--- START ---
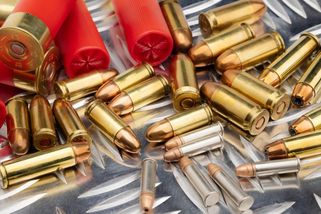 Bez Čechů si svět kvůli zásadní součástce nevystřelí. A do hry vstupuje politika - Seznam Zprávy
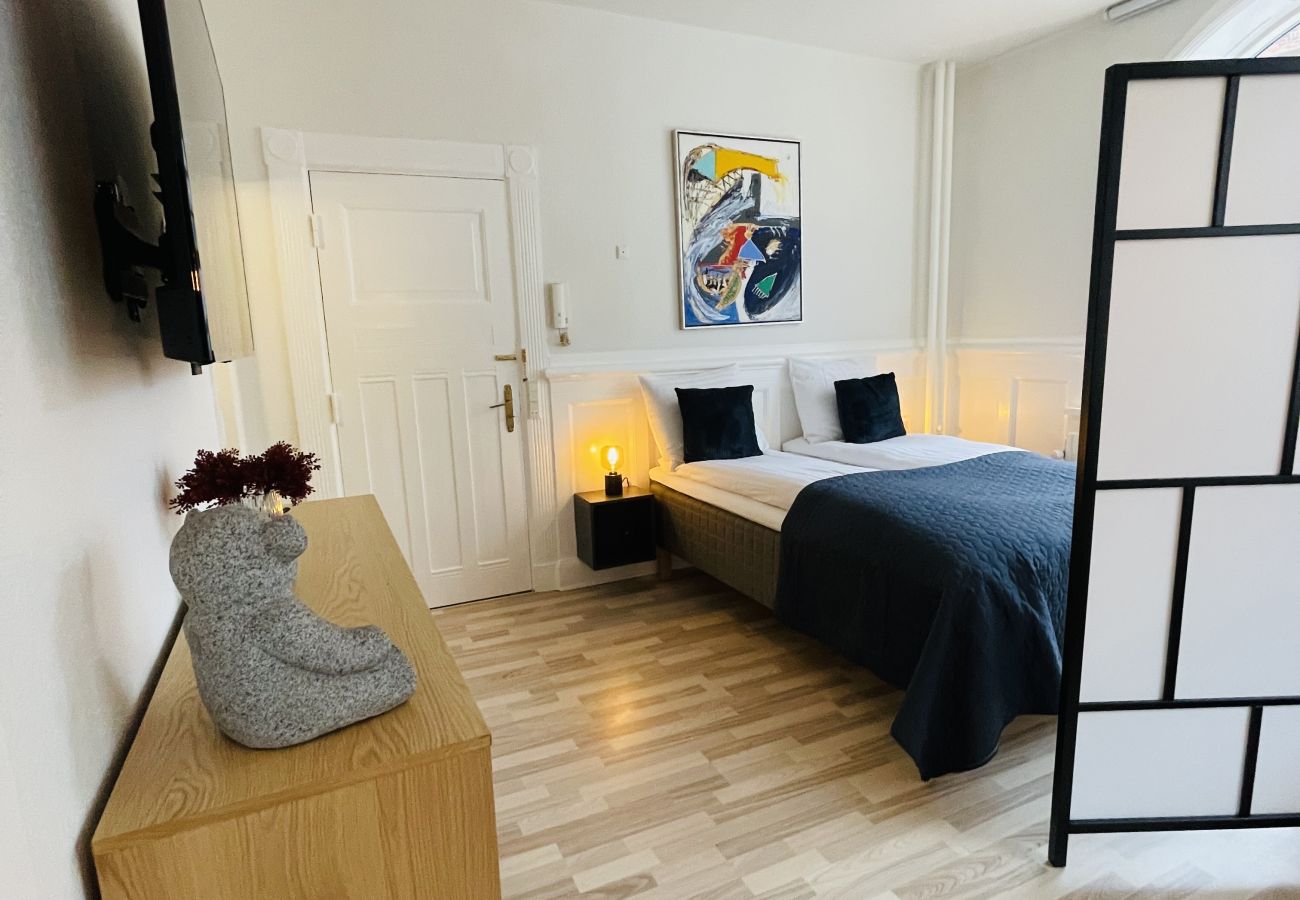 Studio in Aalborg - aday - Luxurious Studio Apartment in the Heart of Aalborg 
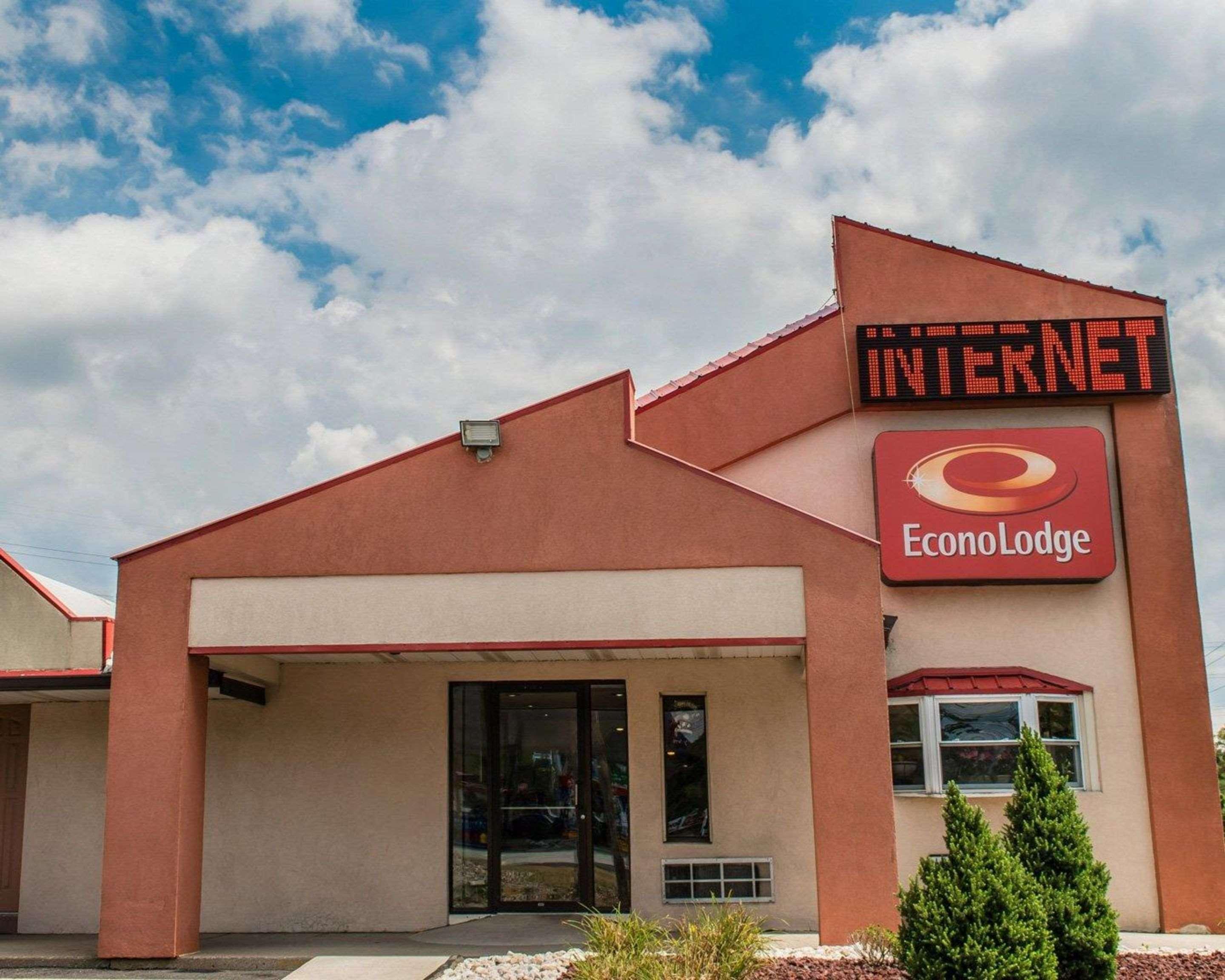 Econo Lodge Pittsburgh I-79 Ngoại thất bức ảnh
--- END ---
YOUR GOAL: Copy out the listing above in full and leave out its pictures.

REPLY:
 Bez Čechů si svět kvůli zásadní součástce nevystřelí. A do hry vstupuje politika - Seznam Zprávy
 Studio in Aalborg - aday - Luxurious Studio Apartment in the Heart of Aalborg 
 Econo Lodge Pittsburgh I-79 Ngoại thất bức ảnh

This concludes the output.